A Midsummer's Night Dream (Review)

A dream of a comedy at Cincy Shakes

Critic's Pick

Cincinnati Shakespeare Company’s staging of A Midsummer Night’s Dream is a hilarious frolic through one of Shakespeare’s most beloved creations. A quirky, energetic reimagining, this production features all the familiar faces: a gaggle of mischievous fairies, a band of goodhearted craftsmen turned hopeless actors, and four misguided young lovers. Oh, and a guy with a donkey head. At a preview performance on Feb. 20, director Jeremy Dubin’s creative vision for the show and excellent comedic performances by the entire cast distilled Midsummer’s language and the plots into a well-paced, knee-slapping evening of highly entertaining theatre.

One part jazz, one part fantasy, Dubin’s production concept reframes the tale to provide ample opportunities for humor, dancing, music and spectacle.

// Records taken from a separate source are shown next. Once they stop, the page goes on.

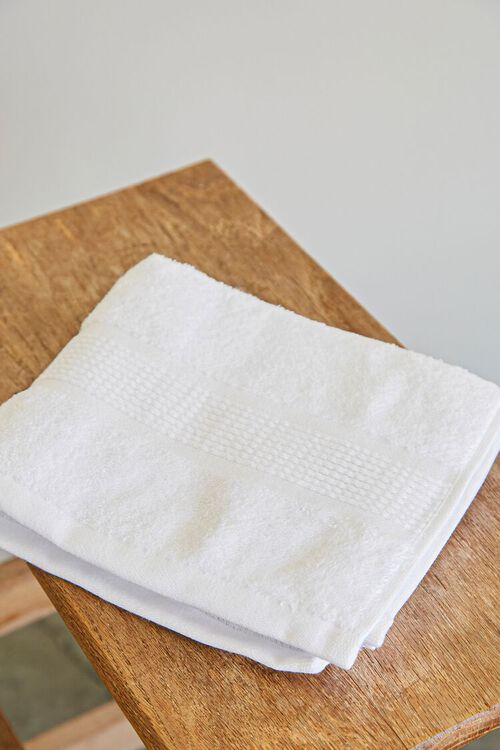 Organically Grown Cotton Hand Towel, image 2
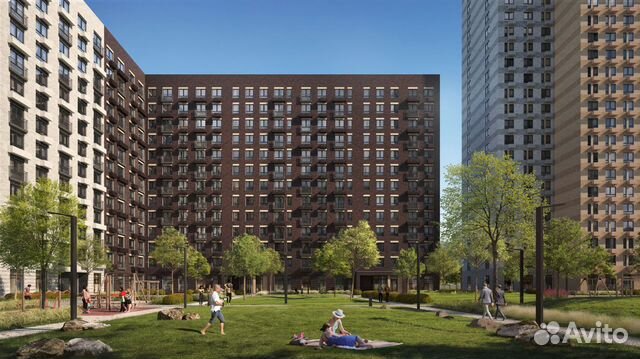 3-к квартира, 97.7 м², 21/33 эт. 3-к квартира, 97.7 м², 21/33 эт.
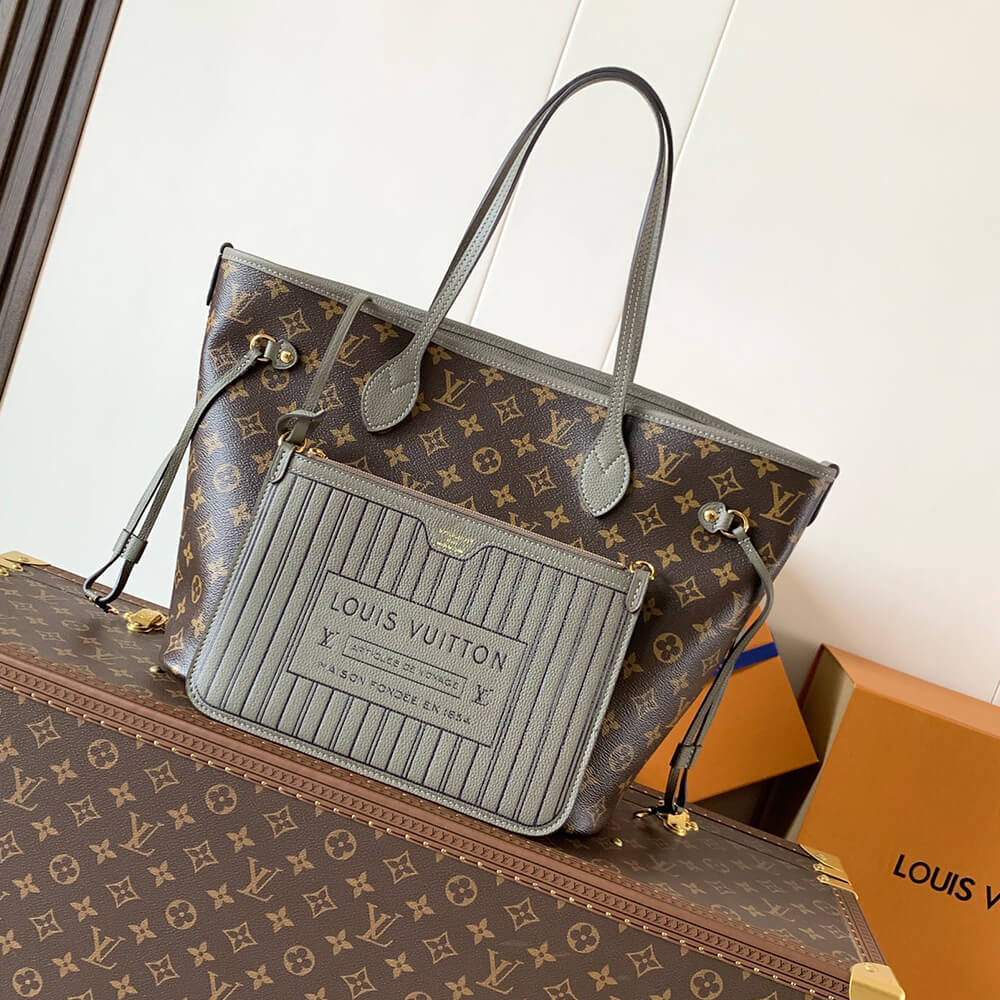 LV Neverfull Inside Out MM(HIGH-END GRADE)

CSC makes one of Shakespeare’s more entertaining plays even more so and a true testament to the depth and diversity of the acting company’s talent. Kelly Mengelkoch as the beautiful Titania is a crooning, ballroom siren, her slightly salty voice and easy manner onstage fitting the role perfectly. The riotous Nick Rose plays her ever-so-brief love interest, the unfortunate Bottom; he goes the distance for laughs without undermining other performers. The real treat of show, however, is the four young lovers, Justin McCombs, Maggie Lou Rader, Billy Chace and Miranda McGee, who each seem to be having so much fun that the audience cannot help but be swept away in their silliness.

Unfortunately, the character of Puck does not congeal as well as other aspects of the production. Travis Emery delivers a fine performance, but his costuming, makeup and movement combine to create a presence onstage that is more frightening than funny. He sports tap shoes and a fedora but does very little actual tapping and nothing show-stopping. The idea of Puck as a hoofer is intriguing and, while Emery is charismatic, he does not seem suited to this rendering of the character. Andrew Hungerford’s lighting and scenic design are gorgeous, but the grand piano that cast members only pretend to play serves more as a distraction than an asset to an otherwise great show.

With just a few exceptions, this production of A Midsummer Night’s Dream is truly a dream.

A MIDSUMMER NIGHT’S DREAM, presented by Cincinnati Shakespeare Company, continues through April 21.